Requirement: Find the line that contains "6310 Edgewater Dr, Parkville, MO 64152". Copy it and every line after it to the end of the material below, exactly, with no pictures.

Material supplied:
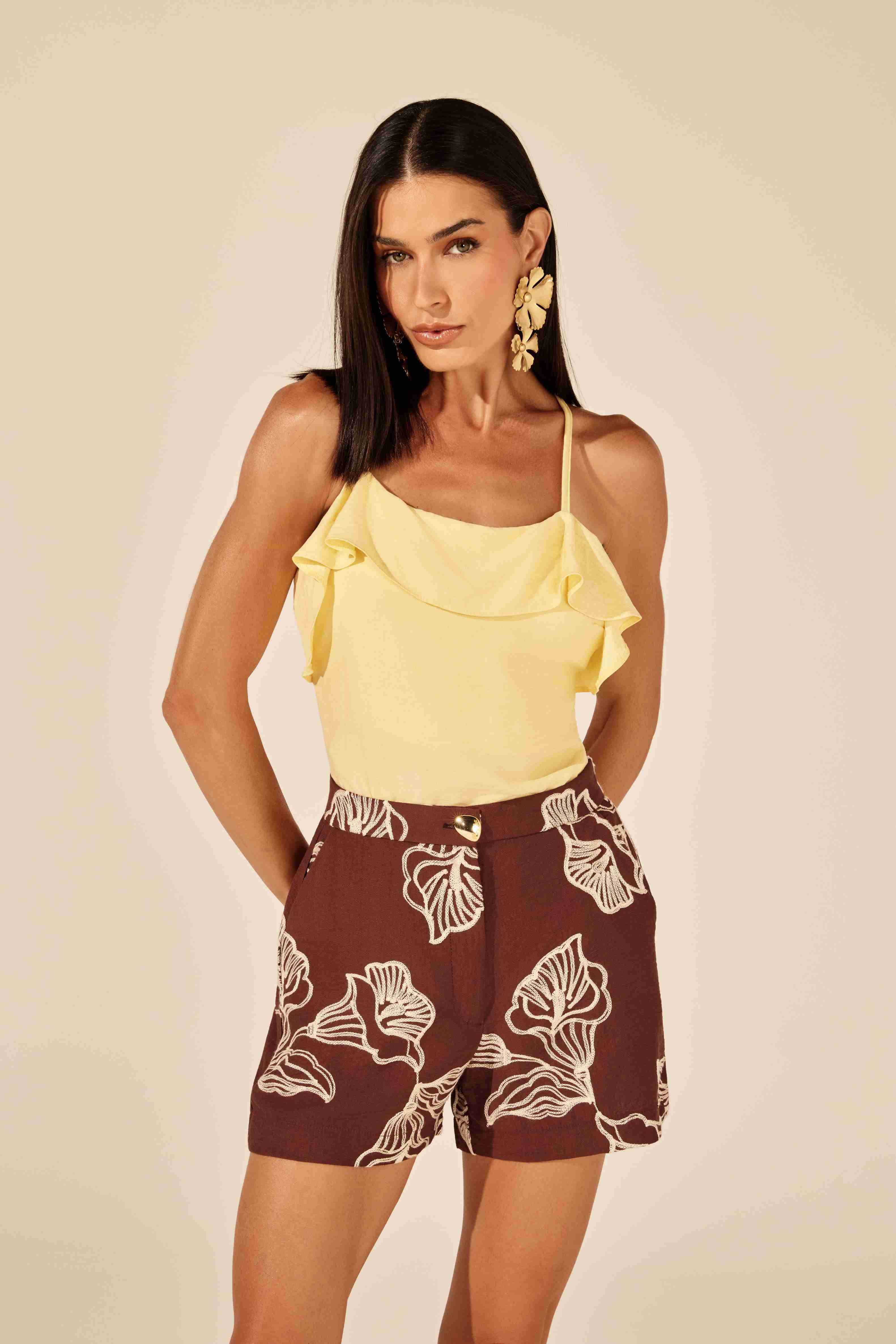 Blusa Alongada de Alça Amarelo Manteiga - modelo em close com expressão confiante Onça Preta
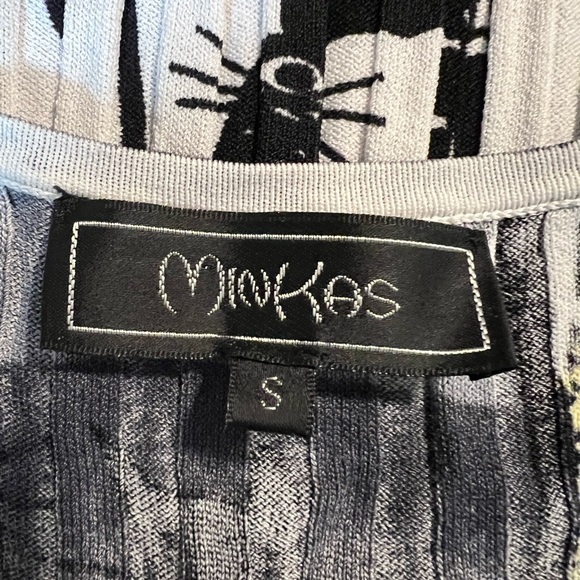 37- Minkas top "Cats in Dresses"  super cute. Size small - Picture 3 of 3
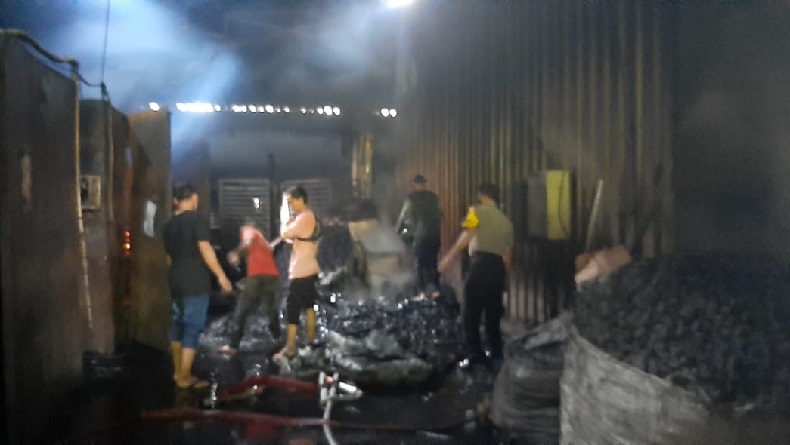 Pabrik Arang di Gunung Sindur Bogor Terbakar, Warga Panik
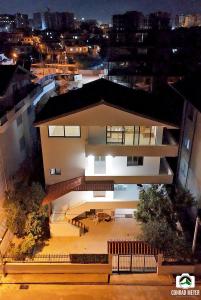 una vista aérea de un edificio por la noche en Left and Right Hostel en Tirana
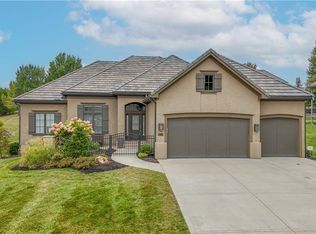6310 Edgewater Dr, Parkville, MO 64152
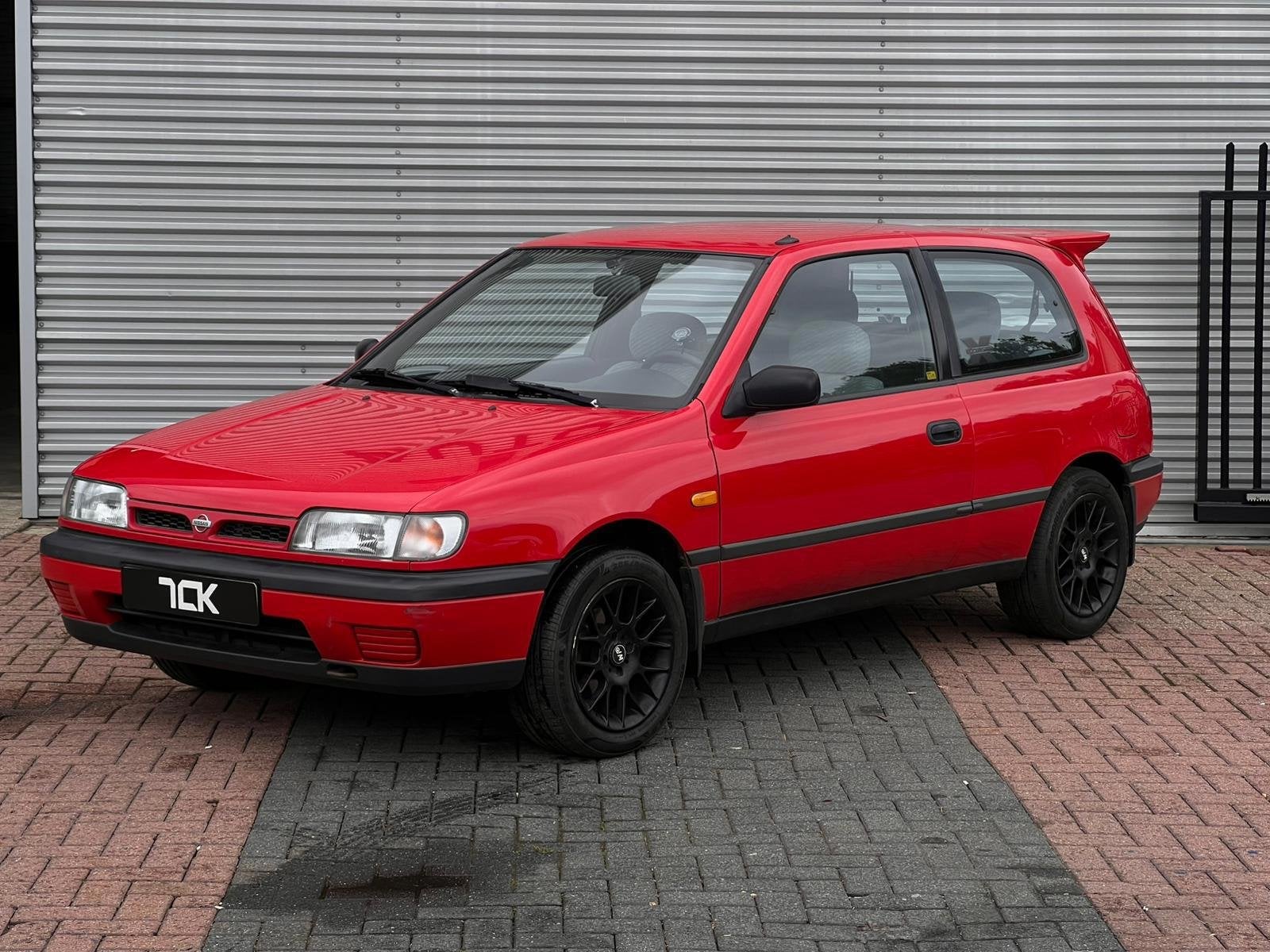 Nissan Sunny 1.6 LX, Auto's, Nissan, Stof, 4 cilinders, Origineel Nederlands, Bedrijf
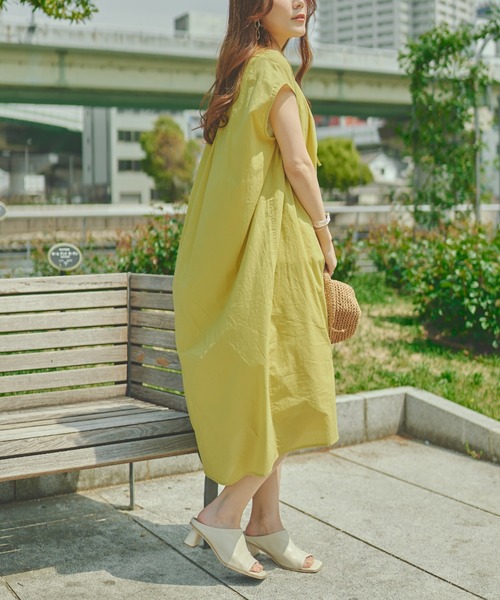 Chez toi（シェトワ）の「キーネックギャザースモックワンピース（ワンピース・レディース・オフホワイト/ブラック/グリーン/イエロー・FREE）」の18枚目の写真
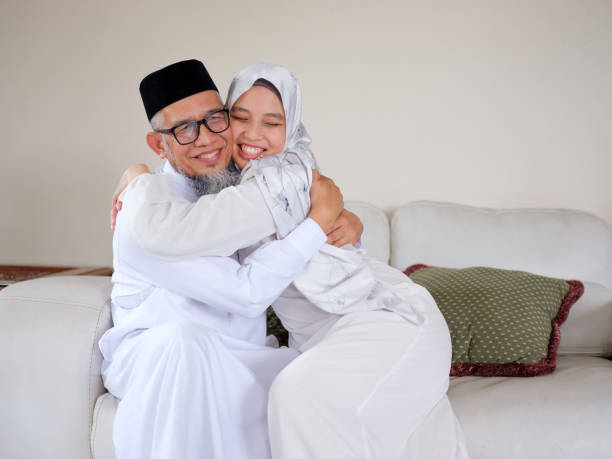 istock Father embrace daughter 1147964781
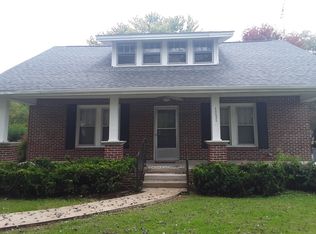 1225 S College St, Smithville, TN 37166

Answer area:
6310 Edgewater Dr, Parkville, MO 64152
 Nissan Sunny 1.6 LX, Auto's, Nissan, Stof, 4 cilinders, Origineel Nederlands, Bedrijf
 Chez toi（シェトワ）の「キーネックギャザースモックワンピース（ワンピース・レディース・オフホワイト/ブラック/グリーン/イエロー・FREE）」の18枚目の写真
 istock Father embrace daughter 1147964781
 1225 S College St, Smithville, TN 37166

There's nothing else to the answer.